Dengan prestasi tersebut, Agus Salim sebenarnya berharap untuk bisa mendapatkan beasiswa di Belanda untuk melanjutkan cita-citanya sebagai dokter. Namun, hal tersebut tidak terkabulkan dikarenakan darahnya yang bukan merupakan keturunan Jawa.
Sebenarnya, R.A. Kartini pada saat itu hendak memberikan penawaran untuk mengalihkan beasiswa yang dimiliki oleh R.A. Kartini kepada Agus Salim. Namun, meskipun juga sudah disetujui oleh pemerintah, Agus Salim menolak keras beasiswa tersebut dengan alasan bahwa Beliau tidak ingin beasiswa yang diberikan secara cuma-cuma dan tidak berasal dari kecerdasannya. Ia juga tidak menyukai diskriminasi yang dihadapkan di depannya sebagai alasan mengapa Beliau tidak dianugerahi beasiswa pada awalnya.

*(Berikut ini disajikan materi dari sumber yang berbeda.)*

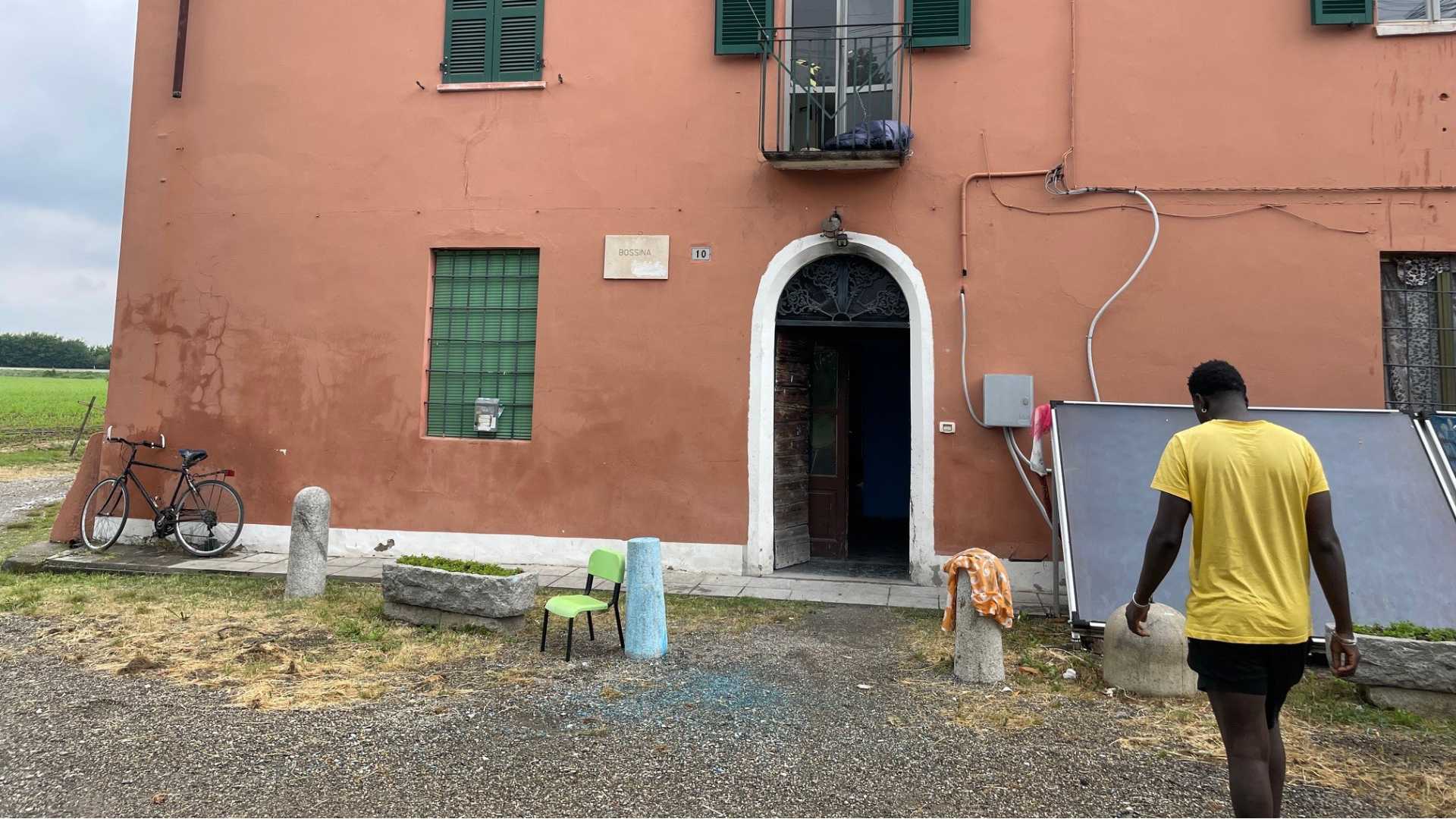 Cascina Bossina, ai venti lavoratori immigrati tagliati luce e gas
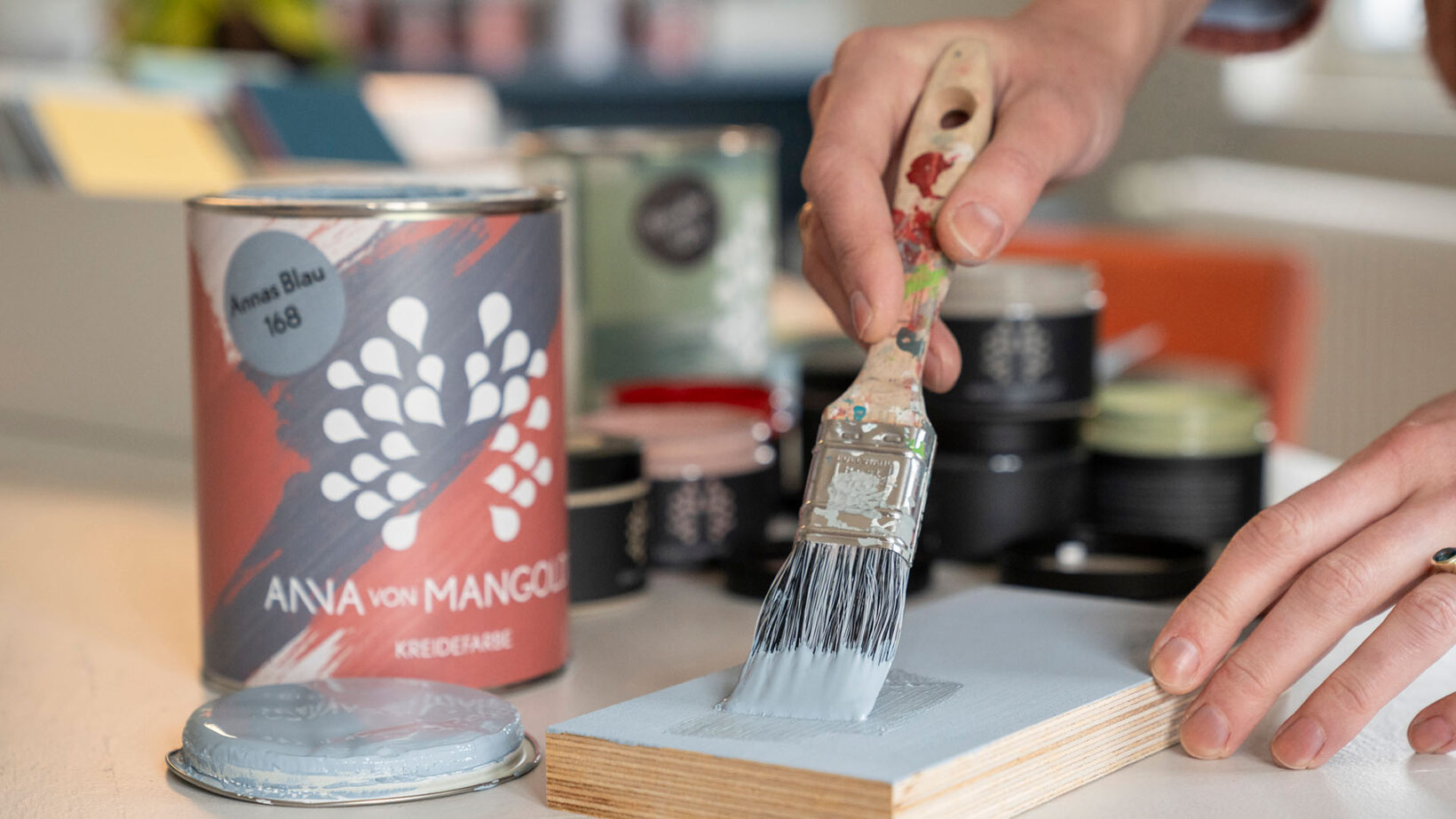 Kreidefarbe einfach streichen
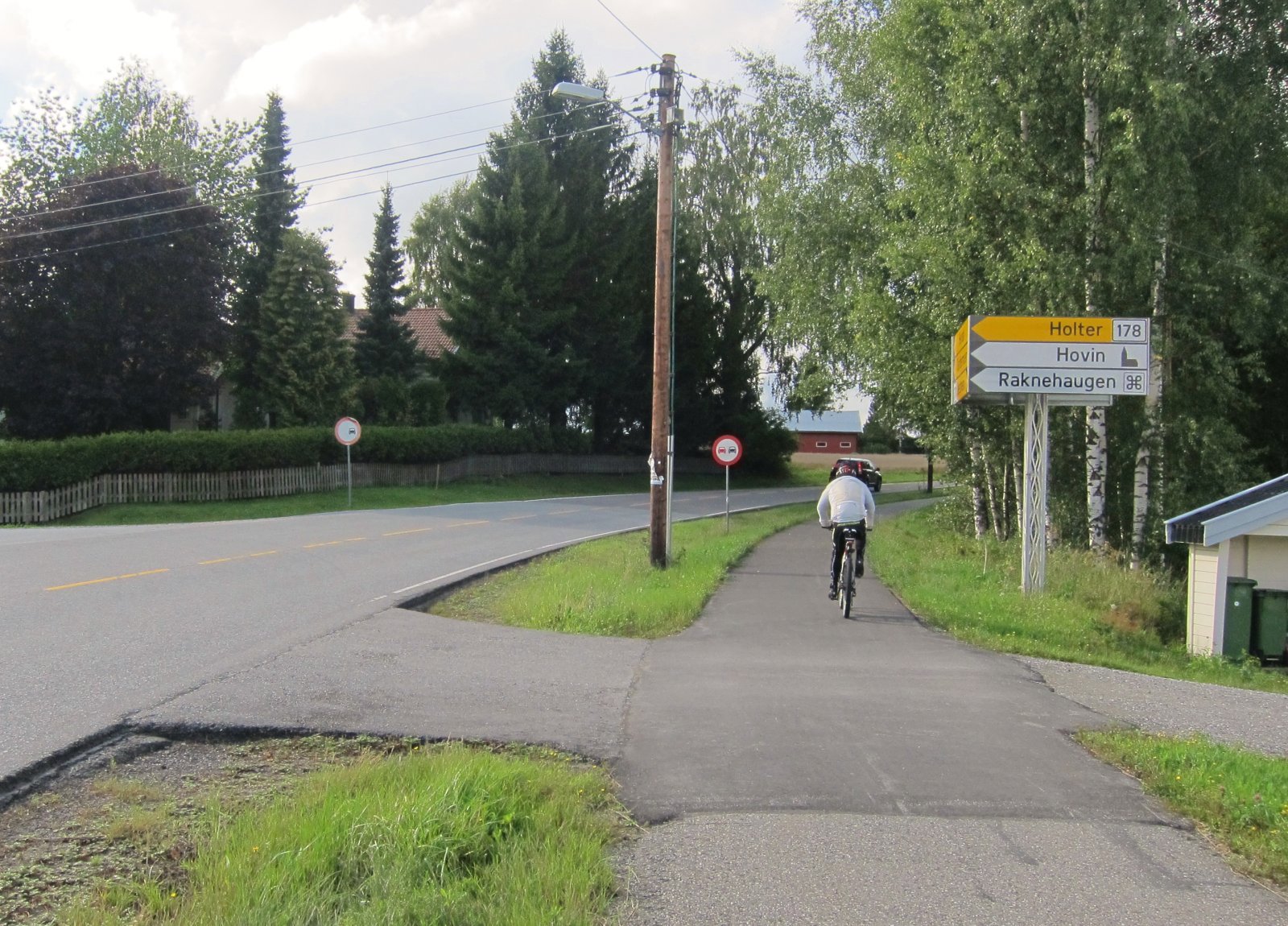 På Gardermovegen ved Sand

Bertolak dari peristiwa tersebut, Agus Salim memutuskan untuk menggunakan ilmu bahasa yang telah diperolehnya dalam persekolahannya untuk menjadi seorang penerjemah di sebuah pertambangan di Indramayu. Karier yang dirintisnya ini lambat laun menjadi sesuatu yang lebih besar, hingga akhirnya dia memutuskan untuk pergi ke Jeddah, Saudi Arabia, untuk menjadi seorang penerjemah di konsulat Belanda di Arab. Di sanalah ia banyak belajar mengenai diplomasi dan agama dari Syekh Ahmad Khatib, imam Masjidil Haram, pamannya.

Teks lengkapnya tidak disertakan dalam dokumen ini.